“We have tentatively decided to launch the satellites at one go around 9 a.m. into the sun-synchronous orbit, about 500 km above the earth,” the Indian Space Research Organisation (ISRO) official told IANS here.
Of the total earth-observation satellites, three are Indian, 88 are from the US and the rest from Germany, Israel, Kazakhstan, the Netherlands, Switzerland and the United Arab Emirates.
“A 320-tonne rocket — Polar Satellite Launch Vehicle (PSLV-C37) — will launch the satellites with a combined weight of 1,500 kg, including the 650 kg Cartosat-2D and two nano-satellites (INS-1A and INS-1B) weighing 15 kg each,” the official said.
The combined weight of 100 foreign micro or smaller satellites will be 820 kg.
Though the Indian space agency had launched 20 satellites in one shot on June 22, 2016, the launch of 104 satellites will surpass the 37 satellites launch record set by a Russian rocket on June 19, 2014 and 29 satellites launched by NASA on November 19, 2013.
“The countdown will begin 48 hours before the lift off after the launch authorization board gives final clearance for the mission keeping in view the weather conditions and other preparedness at the Satish Dhawan Space Centre,” said another official.
The launch of over 100 spacecraft together will be a major achievement for India as such an attempt was not made before by any of the dozen space-faring nations.

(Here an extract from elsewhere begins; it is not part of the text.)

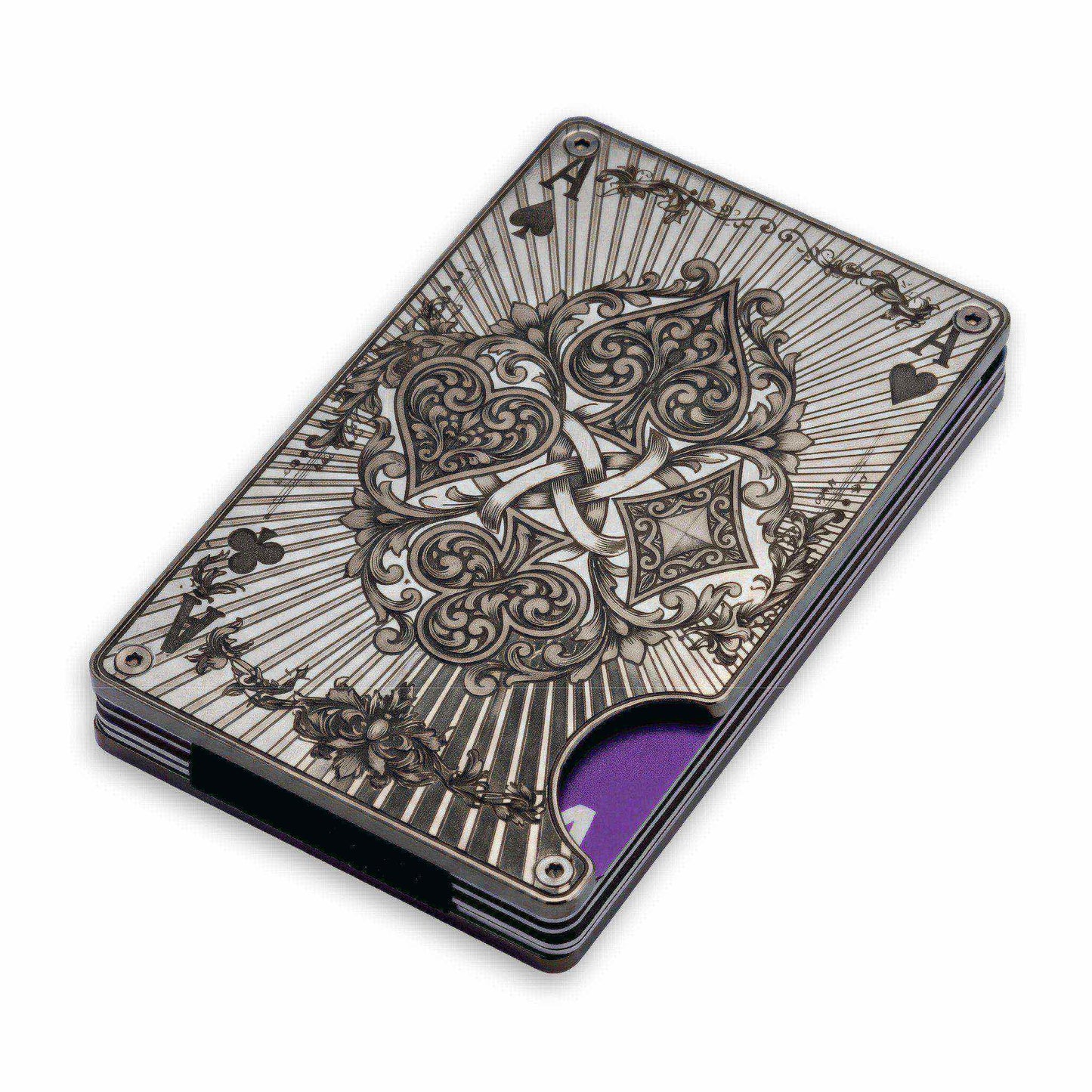 Moxxley MX-340 metal credit card holder – slim stainless steel wallet with money clip, playing-card design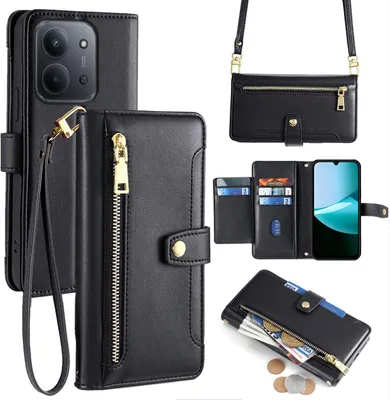 Produktbild von Handykette für Xiaomi Redmi 15C Hülle mit Band Handyhülle Kartenfächer Kunstleder Umhängetasche Schwarz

The constellation of 88 small satellites, weighing 5 kg each, of the US earth observation firm Planet will be separated from the rocket in different directions to avoid them colliding when being deployed in the orbit.
“The satellites will be in the same orbit with distance between them increasing due to their relative velocities,” said the second official.
At an altitude of 500 km, the spacecraft will take about 90 minutes to complete one polar orbit over the earth.
“The satellites will be injected into the sun synchronous orbit at different slots at different angles and at different times,” added the official.
ISRO Chairman A.S. Kiran Kumar earlier said the space agency would maximize its rocket capability to launch more satellites in a single mission for maximum return on investment.
“By launching 104 satellites together, we are trying to maximize our workhorse rocket’s capability and optimally utilise it for maximum return on investment,” Kumar said on January 11.
As an advanced remote sensing satellite, Cartosat-2D has a single panchromatic camera to beam scene-specific spot imageries of more than one meter spatial resolution and a swath of 10 km for cartographic applications.
The two Inertial Navigational System (INS-IA & INS-1B) use a computer, motion sensors and rotation sensors (gyroscopes) to calculate the position, orientation and velocity (direction and speed) of a moving object without external references.